# Collected data
****************************************

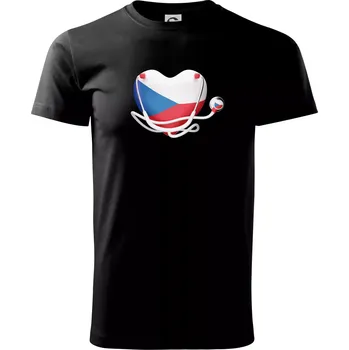 Pánské tričko Český doktor logo - Triko extra velké (5-8XL) - 7XL ( Černá )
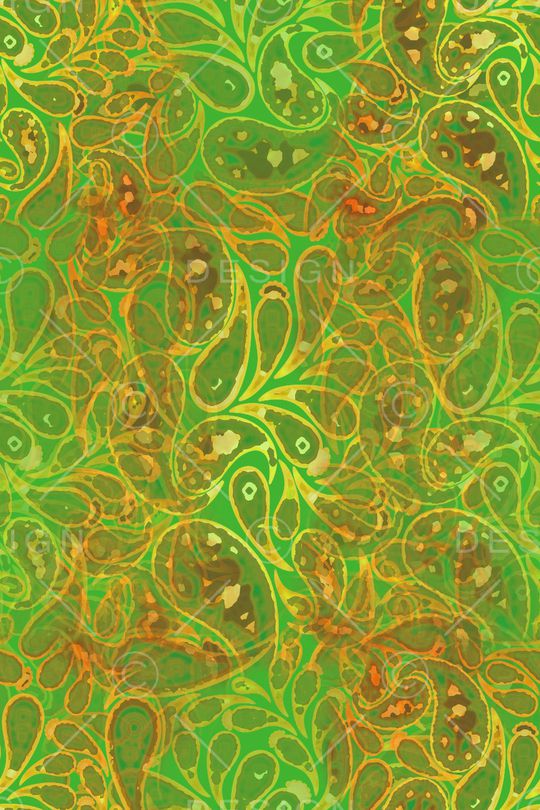 佩斯利图案印花华亿平台图片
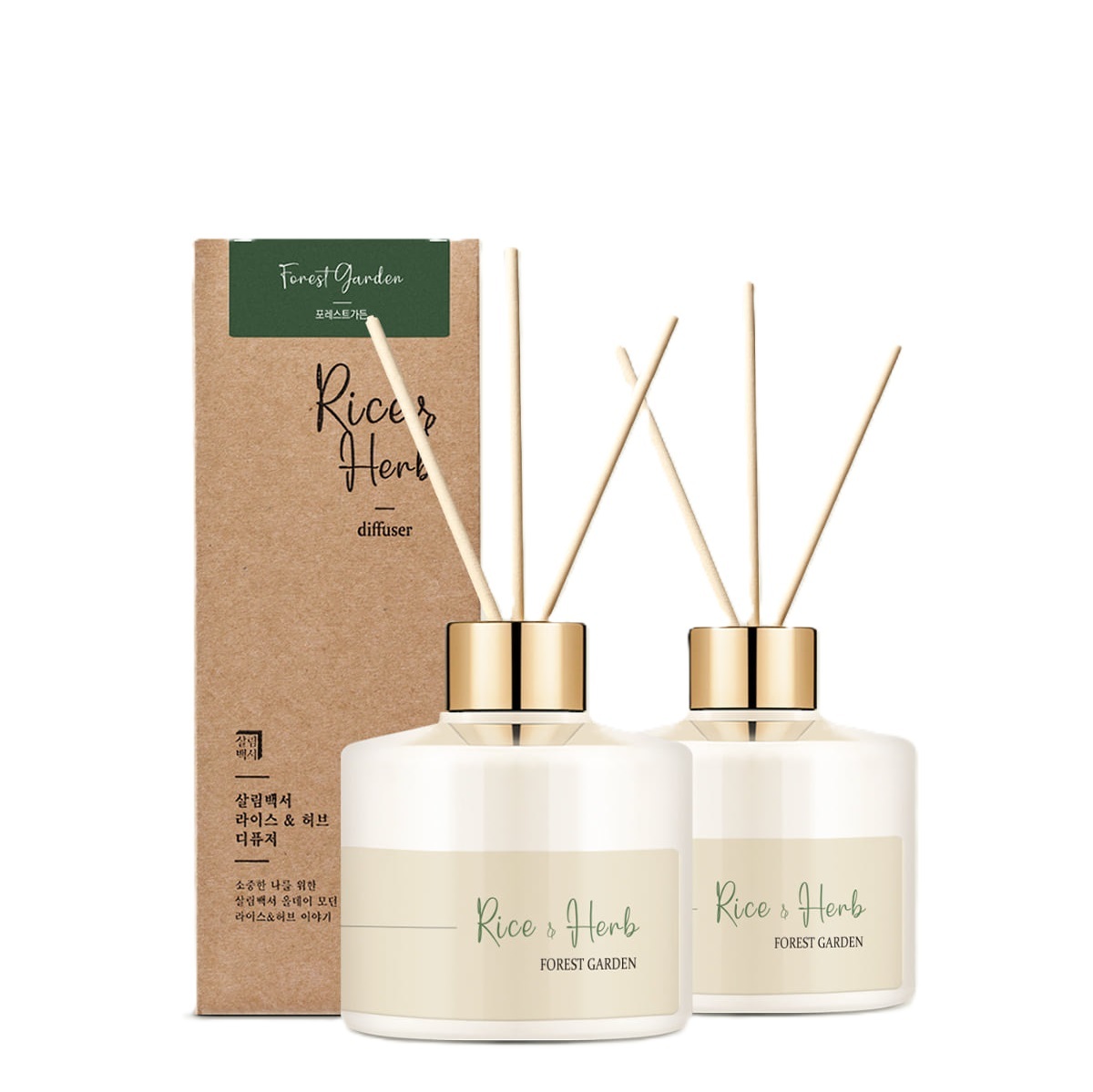 韓國 生活白書 植萃米糠香薰 (200ml x2支) - 6款選擇 (EXP:2025.11)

****************************************

# Problem to solve
Everything in the listing above, apart from its pictures, must be repeated exactly.

# Exercise result
 Pánské tričko Český doktor logo - Triko extra velké (5-8XL) - 7XL ( Černá )
 佩斯利图案印花华亿平台图片
 韓國 生活白書 植萃米糠香薰 (200ml x2支) - 6款選擇 (EXP:2025.11)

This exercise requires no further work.